SOURCE MATERIAL:
*** Block opens ***

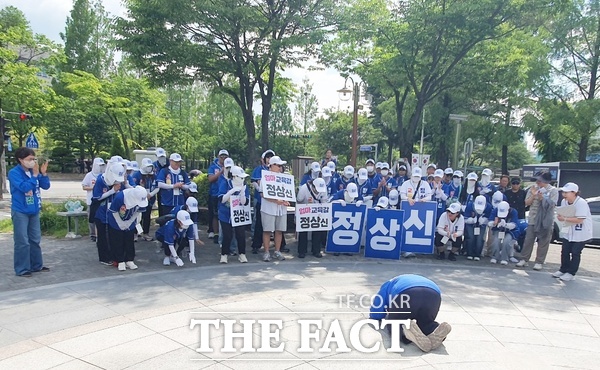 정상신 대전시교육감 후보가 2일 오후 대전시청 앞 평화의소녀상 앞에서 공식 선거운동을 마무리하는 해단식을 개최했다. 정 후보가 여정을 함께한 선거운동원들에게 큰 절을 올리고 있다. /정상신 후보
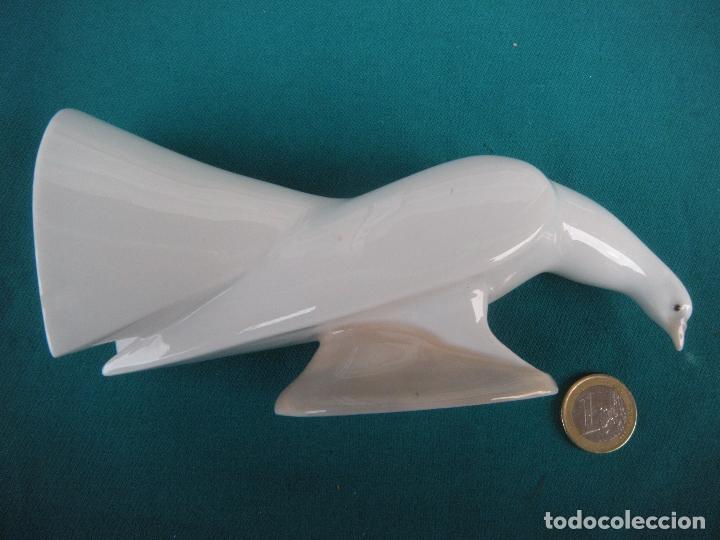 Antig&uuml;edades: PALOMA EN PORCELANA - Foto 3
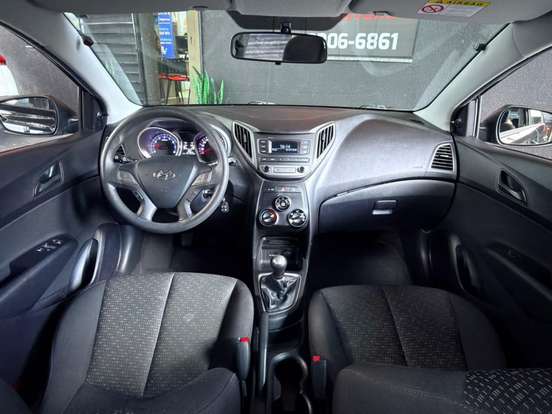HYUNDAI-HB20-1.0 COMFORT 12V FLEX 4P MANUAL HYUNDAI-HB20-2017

*** Block closes ***

TASK OBJECTIVE:
Here the job is to print the data above exactly, except for any pictures.

ANSWER:
 정상신 대전시교육감 후보가 2일 오후 대전시청 앞 평화의소녀상 앞에서 공식 선거운동을 마무리하는 해단식을 개최했다. 정 후보가 여정을 함께한 선거운동원들에게 큰 절을 올리고 있다. /정상신 후보
 Antig&uuml;edades: PALOMA EN PORCELANA - Foto 3
HYUNDAI-HB20-1.0 COMFORT 12V FLEX 4P MANUAL HYUNDAI-HB20-2017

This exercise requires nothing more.